Mendoza ha dado un paso decisivo hacia la modernización de su desarrollo urbano. En un encuentro estratégico en Casa de Gobierno, los equipos técnicos de los 18 municipios, junto a la Subsecretaría de Infraestructura y Desarrollo Territorial, validaron el texto final del nuevo Código de Construcción Unificado.
Este documento, que busca poner fin a décadas de dispersión normativa, entrará ahora en una fase de revisión jurídica antes de ser remitido formalmente a la Legislatura Provincial para su debate y posterior sanción.
La iniciativa no es menor: por primera vez, la provincia contará con un marco regulatorio integral que elimina las disparidades de criterios que existían al cruzar la calle de un departamento a otro. Hasta hoy, los requisitos de habitabilidad, seguridad y procesos administrativos variaban según la jurisdicción, lo que a menudo generaba confusión en los profesionales del sector y demoras innecesarias para los inversores.
Mendoza: un salto hacia la sostenibilidad y el consenso
Uno de los puntos más disruptivos de la nueva norma es la incorporación de criterios de vanguardia en materia ambiental. En un contexto de crisis hídrica permanente, el código establece lineamientos para el aprovechamiento de aguas grises y estándares de eficiencia energética, transformando la construcción en una herramienta activa de mitigación climática.
El proceso de elaboración se destacó por su carácter federal y científico. No solo participaron los directores de planificación de todas las comunas, sino que el texto integra investigaciones académicas de la UNCUYO y el CONICET, además de aportes técnicos de organismos como AYSAM, el EPRES y el Ministerio de Justicia y Seguridad. Este consenso garantiza que la norma tenga una legitimidad territorial sólida, habiendo superado rondas de validación en los oasis Este, Sur y el Valle de Uco.

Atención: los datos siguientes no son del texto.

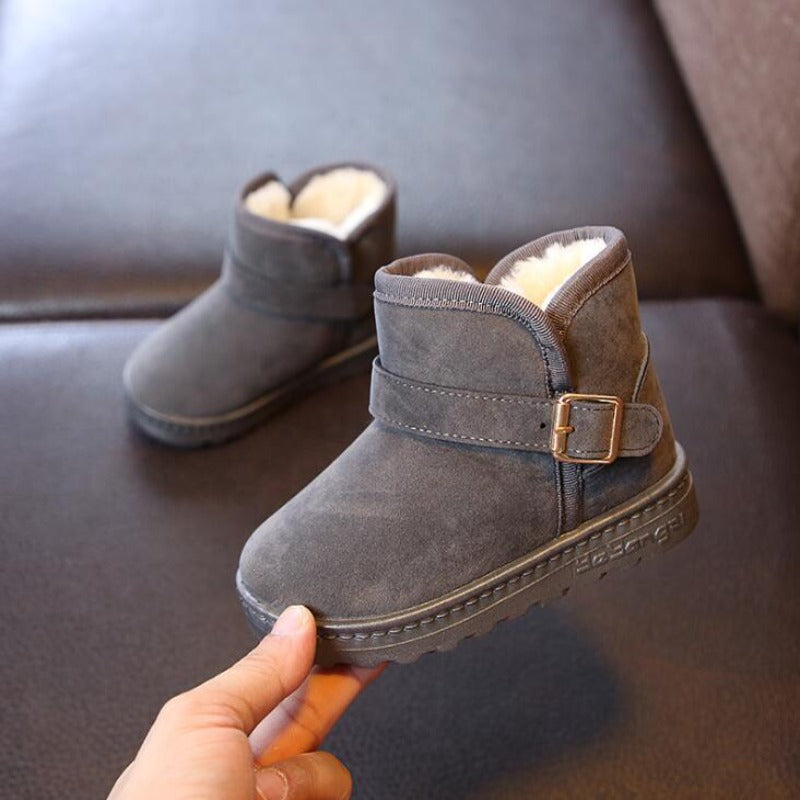 Ciepłe buty zimowe dla dziewczynki - Miziu.pl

Construcción: equilibrio entre agilidad y seguridad
Desde el Ejecutivo provincial, el director de Planificación Territorial, Matías Dalla Torre, subrayó que el espíritu de la norma es el equilibrio. "El objetivo es facilitar los procesos y desburocratizar trámites, pero garantizando estrictamente el resguardo de la seguridad pública de todos los mendocinos", señaló. La intención es que el código funcione como una plataforma que simplifique la vida al ciudadano y al desarrollador sin resignar los controles técnicos que una provincia sísmica como Mendoza exige.
Por su parte, la subsecretaria Marité Badui destacó que este avance posiciona a la provincia de manera distintiva en el escenario nacional. Según la funcionaria, el desafío ahora es que el sector privado se apropie de esta herramienta, comprendiendo que un código unificado es, en última instancia, un motor de progreso económico y una garantía de previsibilidad para quienes deciden invertir en el suelo mendocino.
Con el aval técnico ya en el bolsillo, la mirada se traslada ahora al ámbito legislativo, donde se espera que el proyecto encuentre un camino fluido dada la base de consenso construida con intendentes de todos los signos políticos durante los últimos 24 meses.